In the listing that follows, the lines starting at the one containing "Search for funny slogans keychains Humor" and ending at the one containing "直播貨品| [Fixed Price 固定價］冇得減‼️ Stamp D KK38" are to be returned exactly, both boundary lines included, and no others.

● ● ● ● ●

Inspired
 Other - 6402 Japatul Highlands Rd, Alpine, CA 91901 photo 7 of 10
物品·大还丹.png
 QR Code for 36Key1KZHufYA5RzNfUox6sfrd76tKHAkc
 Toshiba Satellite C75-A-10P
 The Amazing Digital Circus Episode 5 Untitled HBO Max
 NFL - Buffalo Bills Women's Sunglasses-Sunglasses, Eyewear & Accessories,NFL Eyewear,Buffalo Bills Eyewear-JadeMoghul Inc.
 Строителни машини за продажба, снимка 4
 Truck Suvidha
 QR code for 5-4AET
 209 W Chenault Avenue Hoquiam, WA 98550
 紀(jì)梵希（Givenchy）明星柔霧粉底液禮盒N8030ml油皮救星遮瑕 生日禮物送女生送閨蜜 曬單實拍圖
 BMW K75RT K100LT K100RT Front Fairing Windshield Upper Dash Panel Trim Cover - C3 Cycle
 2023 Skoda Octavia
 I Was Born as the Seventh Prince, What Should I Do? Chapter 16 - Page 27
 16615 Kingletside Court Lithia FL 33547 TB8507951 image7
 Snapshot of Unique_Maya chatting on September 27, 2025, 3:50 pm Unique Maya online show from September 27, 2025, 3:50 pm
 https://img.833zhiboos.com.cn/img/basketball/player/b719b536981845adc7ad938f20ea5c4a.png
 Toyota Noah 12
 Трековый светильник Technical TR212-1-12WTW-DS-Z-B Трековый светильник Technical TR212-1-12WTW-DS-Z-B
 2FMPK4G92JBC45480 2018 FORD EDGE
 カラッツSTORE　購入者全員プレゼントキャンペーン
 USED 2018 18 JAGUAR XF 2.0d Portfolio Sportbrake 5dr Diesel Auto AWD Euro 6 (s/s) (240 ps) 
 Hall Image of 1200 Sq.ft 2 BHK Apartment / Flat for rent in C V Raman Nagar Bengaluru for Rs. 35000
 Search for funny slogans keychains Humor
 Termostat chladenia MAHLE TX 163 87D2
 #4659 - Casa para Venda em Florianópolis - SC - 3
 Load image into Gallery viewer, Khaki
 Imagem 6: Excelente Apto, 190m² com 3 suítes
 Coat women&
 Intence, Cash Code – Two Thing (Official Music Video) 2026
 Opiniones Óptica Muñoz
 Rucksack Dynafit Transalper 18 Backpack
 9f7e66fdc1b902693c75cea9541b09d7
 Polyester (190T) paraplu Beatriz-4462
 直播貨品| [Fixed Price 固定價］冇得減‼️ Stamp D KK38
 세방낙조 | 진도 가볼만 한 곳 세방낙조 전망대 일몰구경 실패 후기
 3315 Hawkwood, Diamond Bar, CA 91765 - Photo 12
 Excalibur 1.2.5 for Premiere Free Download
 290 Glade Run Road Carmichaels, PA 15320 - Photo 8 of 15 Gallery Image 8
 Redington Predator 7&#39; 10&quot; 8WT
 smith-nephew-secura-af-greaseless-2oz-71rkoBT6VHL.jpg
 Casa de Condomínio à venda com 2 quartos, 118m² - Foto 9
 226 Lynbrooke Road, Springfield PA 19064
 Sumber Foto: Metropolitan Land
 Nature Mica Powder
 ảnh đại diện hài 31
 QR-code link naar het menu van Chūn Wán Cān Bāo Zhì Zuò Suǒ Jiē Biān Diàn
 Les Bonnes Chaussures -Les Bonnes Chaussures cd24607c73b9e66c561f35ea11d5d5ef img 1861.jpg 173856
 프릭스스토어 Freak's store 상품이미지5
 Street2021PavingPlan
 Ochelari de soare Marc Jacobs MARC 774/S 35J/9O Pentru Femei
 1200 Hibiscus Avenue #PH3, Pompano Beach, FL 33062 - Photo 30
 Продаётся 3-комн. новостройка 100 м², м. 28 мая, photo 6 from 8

● ● ● ● ●

Final answer:
 Search for funny slogans keychains Humor
 Termostat chladenia MAHLE TX 163 87D2
 #4659 - Casa para Venda em Florianópolis - SC - 3
 Load image into Gallery viewer, Khaki
 Imagem 6: Excelente Apto, 190m² com 3 suítes
 Coat women&
 Intence, Cash Code – Two Thing (Official Music Video) 2026
 Opiniones Óptica Muñoz
 Rucksack Dynafit Transalper 18 Backpack
 9f7e66fdc1b902693c75cea9541b09d7
 Polyester (190T) paraplu Beatriz-4462
 直播貨品| [Fixed Price 固定價］冇得減‼️ Stamp D KK38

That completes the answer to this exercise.